How will your advertising be affected, and what can you do now to plan for the cookie apocalypse?
This ability for ad tech platforms to gather vast amounts of data of individuals’ online behavior has resulted in privacy concerns that encouraged the EU’s GDPR regulations (2018) and the phase-out of third-party cookies by Safari and Firefox. Google’s announcement that it, too, has become anti-cookie is consequential because of the sheer scale of Google’s Content/Display Ad Network. About 80% of online advertisers use third-party cookies.
With a cookie-less future ahead, is this Doomsday for advertisers?
Where do Attorney-Advertisers Use Third-Party Cookies?
The most important point for lawyers to understand is that IF the cookie apocalypse impacts your PPC advertising, this change affects ONLY Google Ads Display/Content Network and third-party ad networks – NOT the Google Search Ads that appear at the top of Google searches. For most law firms, the grand majority of their PPC ad budget is spent on Google’s Search Ad Network, which will be unaffected by this change. If you are unsure whether your PPC advertising uses display/banner ads that rely on cookies, ask your advertising agency for specific guidance.
Where might attorney-advertisers be using third-party cookies? There are some PPC ad strategies that a law firm might be accustomed to utilizing that will be negatively affected by Google’s phase-out of third-party cookies. These include:
Retargeting / Remarketing Google Ads: For many years, PPC advertisers have used retargeting/remarketing campaigns that rely on third-party cookies to serve banner advertisements to your website visitors when they are on other websites. This allowed your law firm to maintain brand-awareness to potential clients after they left your website. You were essentially tracking individuals to serve banner ads to them. This type of retargeting/remarketing will cease with Google’s phase-out of cookies. This change will affect both Google Ads Remarketing/Retargeting and similar ad types on social media platforms.
Frequency Capping: If your firm runs banner advertising through ad platforms other than Google Ads, frequency capping in a post-cookie world will be challenging, at best, for these ad providers. Currently, a lawyer-advertiser would place a cap on how many times their banner ad is shown to a single user in a defined amount of time. This helps preserve ad budget, manage spend appropriately and keep users from feeling bombarded by a single ad. Without Google’s support of third-party cookies, this common utility will be degraded.

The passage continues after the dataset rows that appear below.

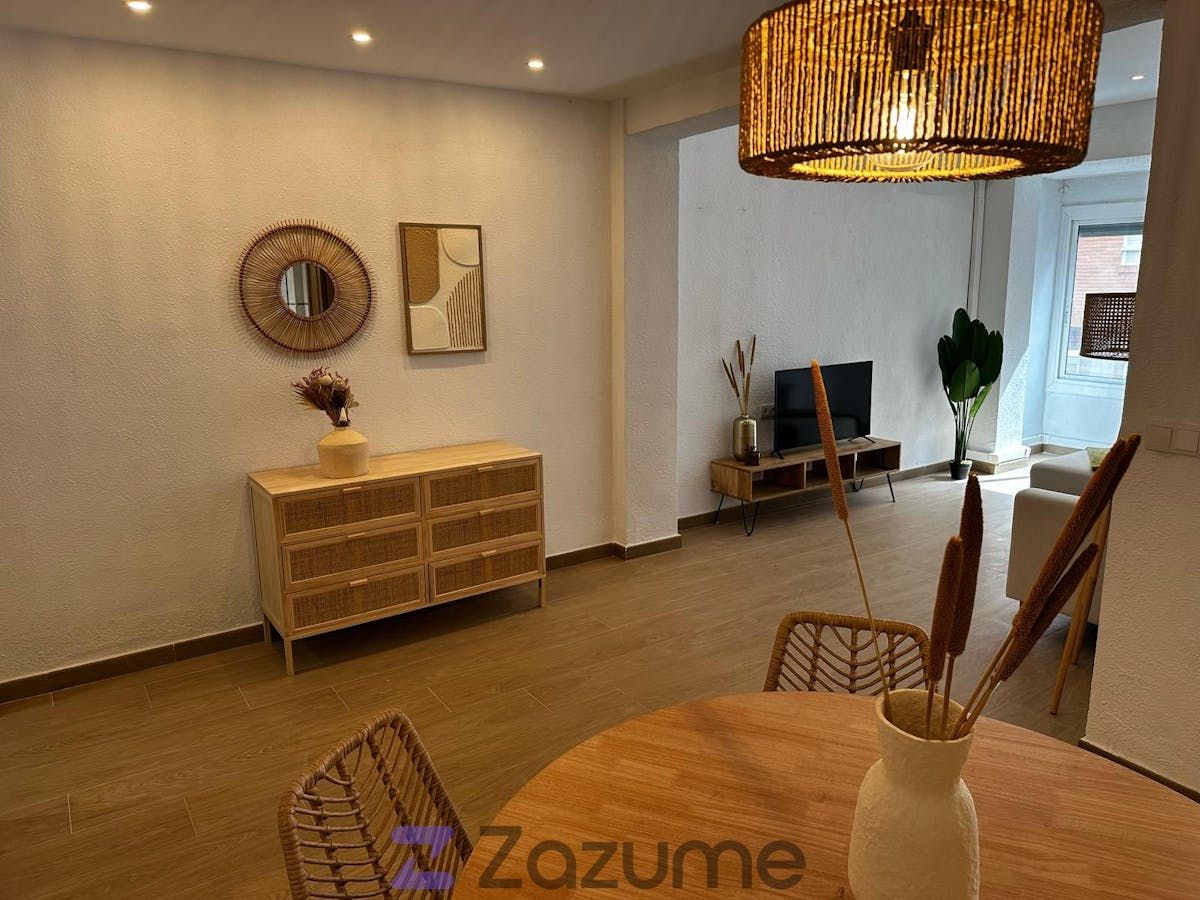 Apartment to rent in Av. de Aguilera, Benalúa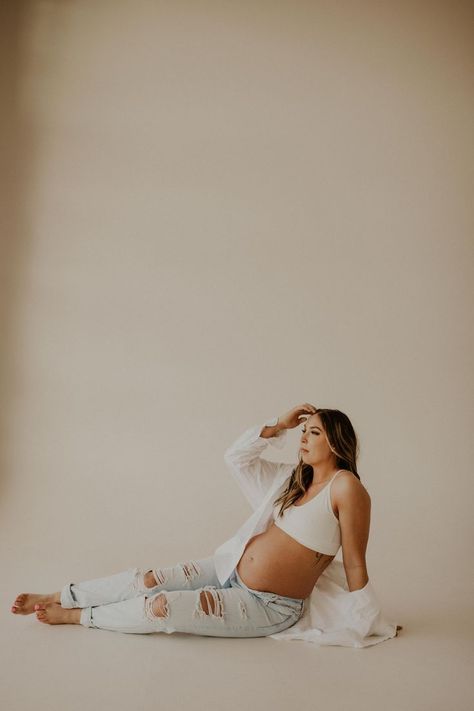 Maternity Shoot Poses, Indoor Maternity Photos, Maternity Shoot Outfit, Studio Maternity Shoot, Maternity Picture Outfits, Maternity Studio Photoshoot, Family Maternity Pictures, Studio Maternity Photos, Maternity Photo Outfits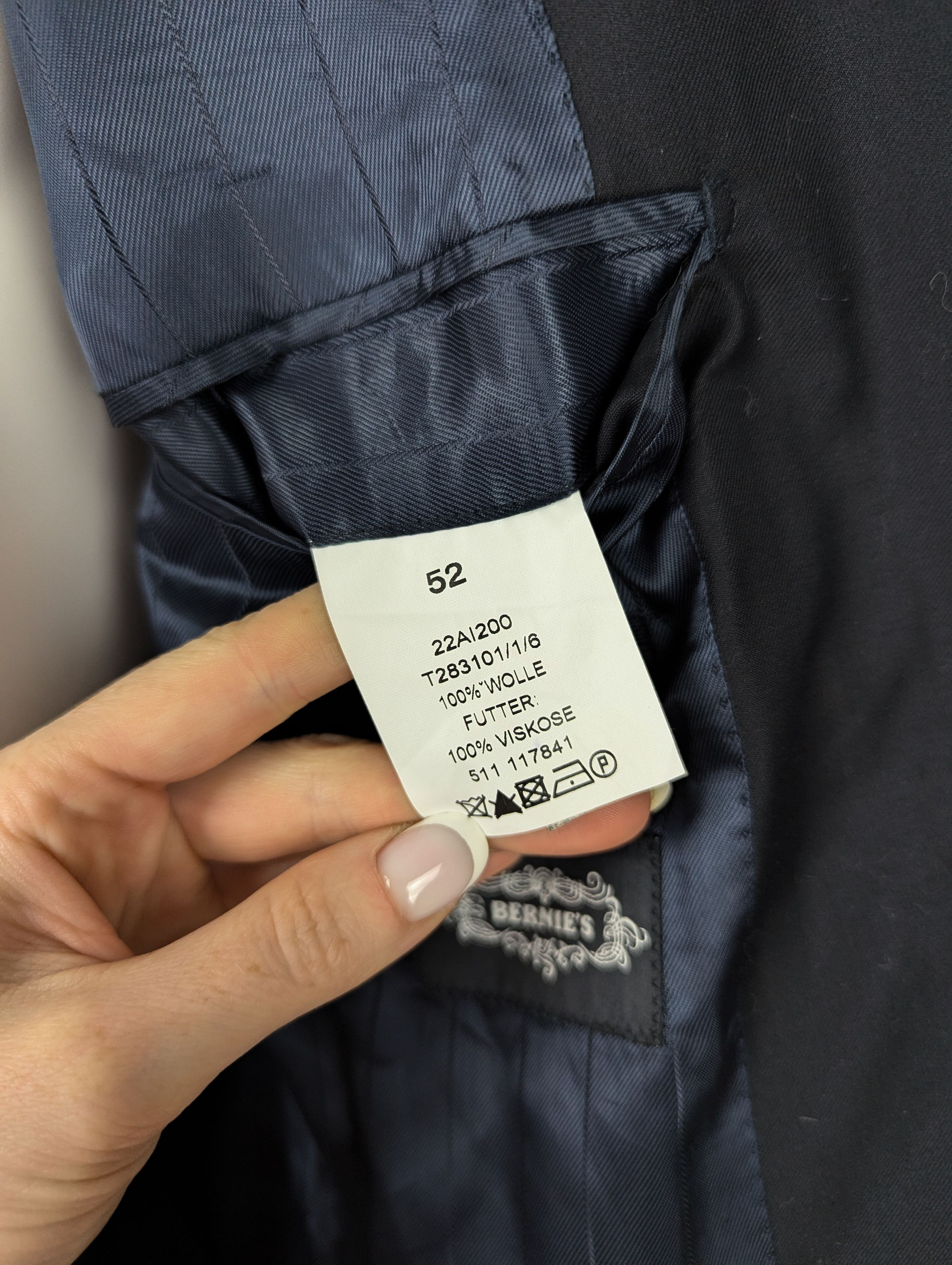 Loro Piana Loro Piana black suit Size 52R - 11 Thumbnail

Diminished Returns from Lead Brokers: Individual law firms may indirectly rely on third-party cookies if they are accustomed to purchasing leads from lead-gen providers. These brokers often run highly targeted PPC ad campaigns (including on ad tech platforms and/or retargeting techniques) that will be negatively impacted by the phase-out of cookies. The volume of leads they generate will likely decline while their costs increase. Law firms who purchase leads can expect higher prices and low(er) volume.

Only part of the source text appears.